Ajoutons que Luther restera fermé à
l’actualité de son temps, se montrant notamment totalement indifférent
aux grandes découvertes (par exemple celle de l’Amérique
à la fin du 15ème siècle). Et pourtant, à côté
de cela, Luther apparaît sur bien des plans comme un homme de progrès
souvent en avance sur son époque. Il a ainsi recours à l’imprimerie
- invention récente – pour propager ses idées, ce qui lui
permet de publier en langue allemande ses grands écrits réformateurs
entre 1518 et 1529. En 1534, sa traduction de la Bible en allemand est déjà
un bestseller. Rompant avec une conception pessimiste du monde d’ici-bas,
vallée de larmes où plaisirs et péchés vont de pair,
il ose dire que la Terre a été creée pour l’homme
et que ce dernier peut et doit savoir en profiter. Loin d’être un
ascète, Luther est un enseignant d’université qui aime la
bière et le vin et n’en fait point mystère. Dans ses «
Propos de table », texte rabelaisien par certains côtés,
il n’hésite pas à écrire que « le diable est
dans les eaux ». Il réhabilite la sexualité, autorise le
mariage des prêtres et permet le divorce en cas d’incompatibilité
d’humeur.
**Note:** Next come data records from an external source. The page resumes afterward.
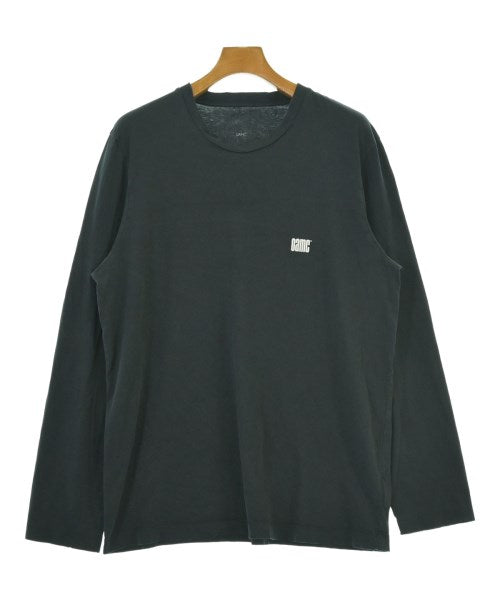 OAMC เสื้อยืด/เสื้อท็อปส์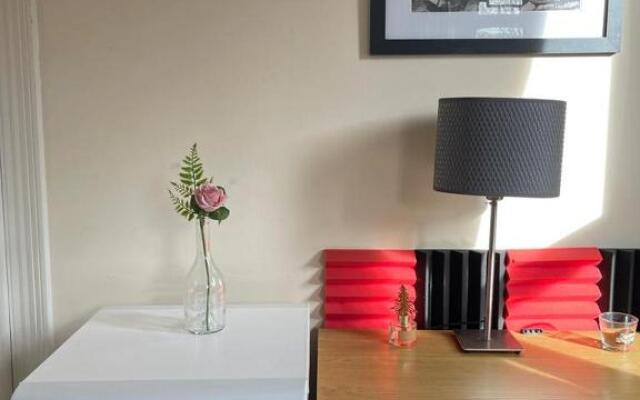 Room in family home near Penny Lane Liverpool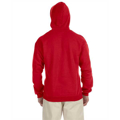 Picture of Adult Heavy Blend™ Adult 8 oz., 50/50 Contrast Hood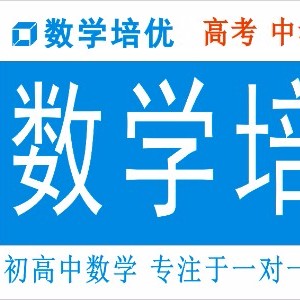 数学培优 数学培优
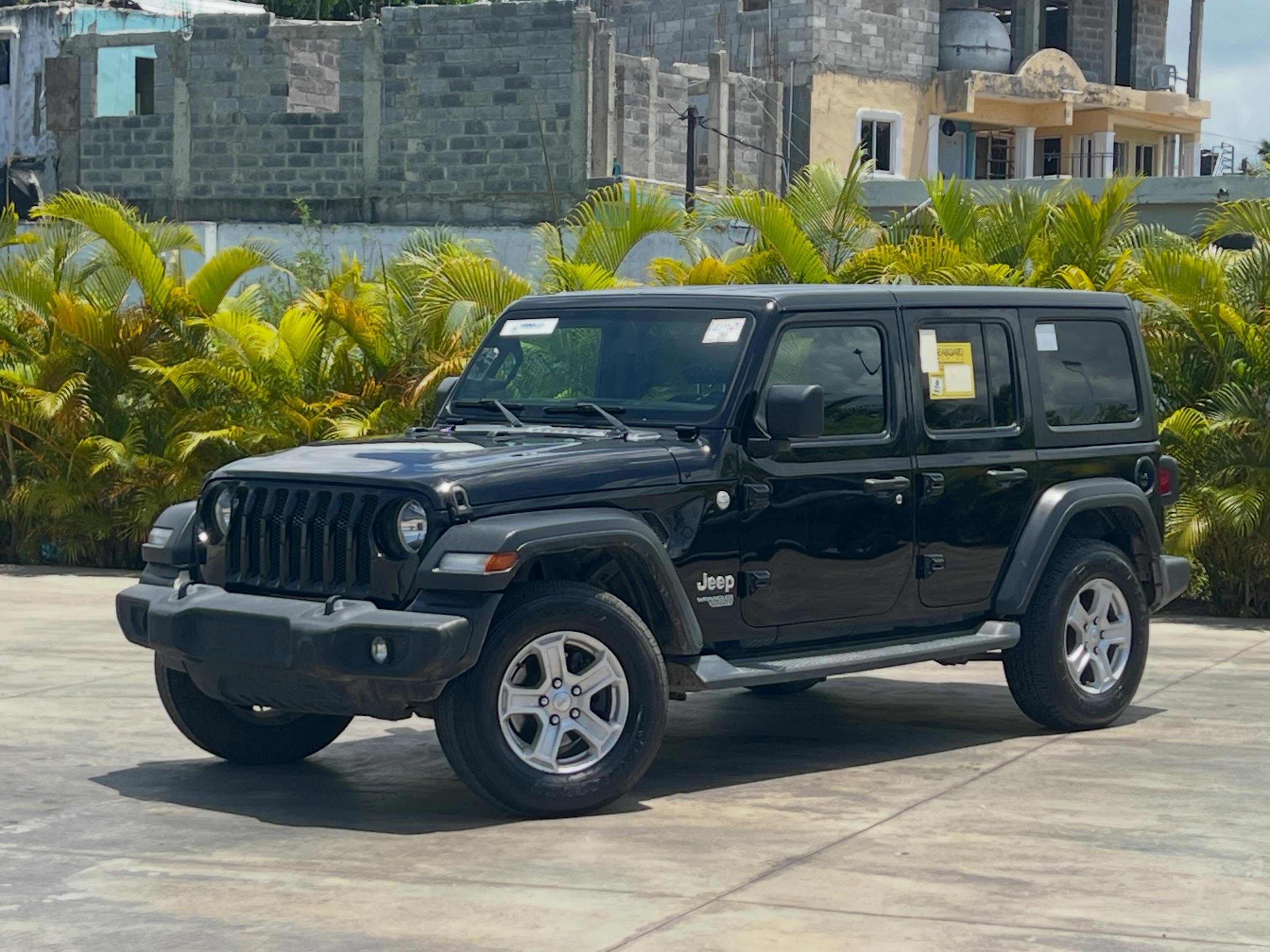 Jeep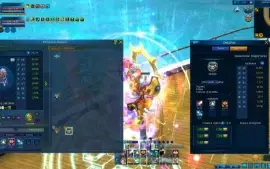 Sussano Rank U - Conta Com 8 Sss+ / 5 Sss/ Goat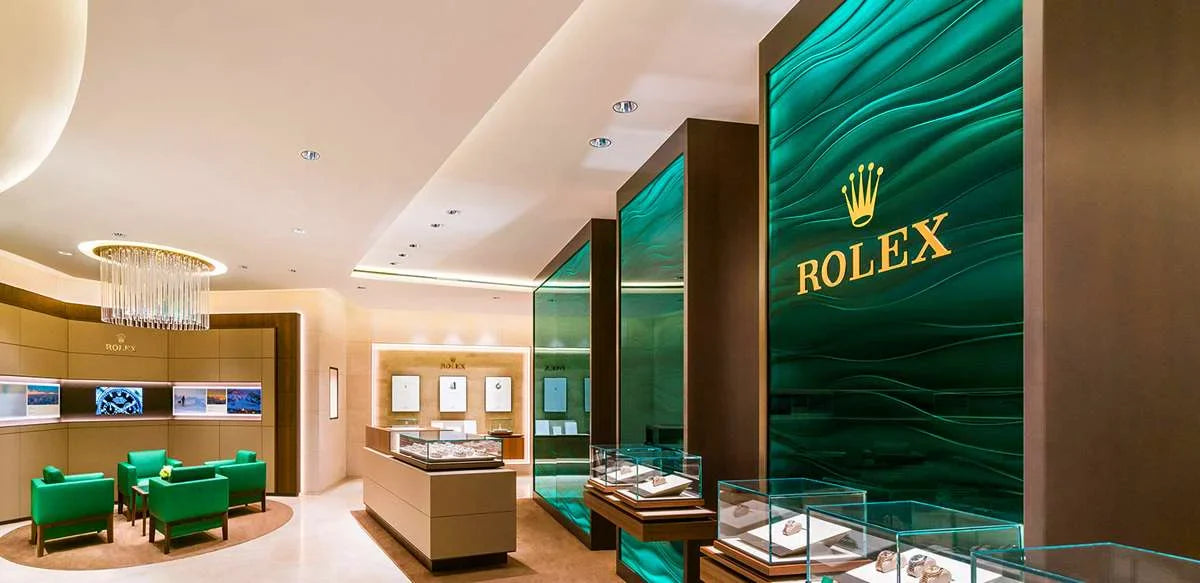 The Secret Rolex Buyers Know (That Money Can’t Buy)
Goethe dira : « Luther nous a donné le courage
de nous placer de nos deux pieds sur la Terre ». Plus près de nous,
le philosophe Luc Ferry écrit que le réformateur « a réhabilité
la vie ordinaire ».
Ceci est d’autant plus vrai que Luther
prend très au sérieux le « Beruf » - le métier
- aussi modeste soit-il, selon lui mission assignée par Dieu à
l’homme. Nous somme loin de la Cité de Platon où l’artisan
figurait au plus bas de l’échelle sociale, loin derrière
le philosophe et le guerrier. D’où des répercussions indéniables
sur la peinture de l’époque. Aux tableaux consacrés au Christ,
aux saints et à la vie religieuse, représentations toutes de pudeur
incitant à la prière et au recueillement, succèdent des
nus, des paysages ou encore des scènes de la vie ordinaire. Le peintre
allemand Albert Dürer, converti tôt au luthéranisme, continue
certes à représenter des sujets bibliques, mais il peint à
côté de cela des corps dévêtus, des fleurs ou encore
des animaux. Le philosophe Hegel fait remarquer à juste titre le tournant
important pris par la peinture hollandaise suite à la Réforme.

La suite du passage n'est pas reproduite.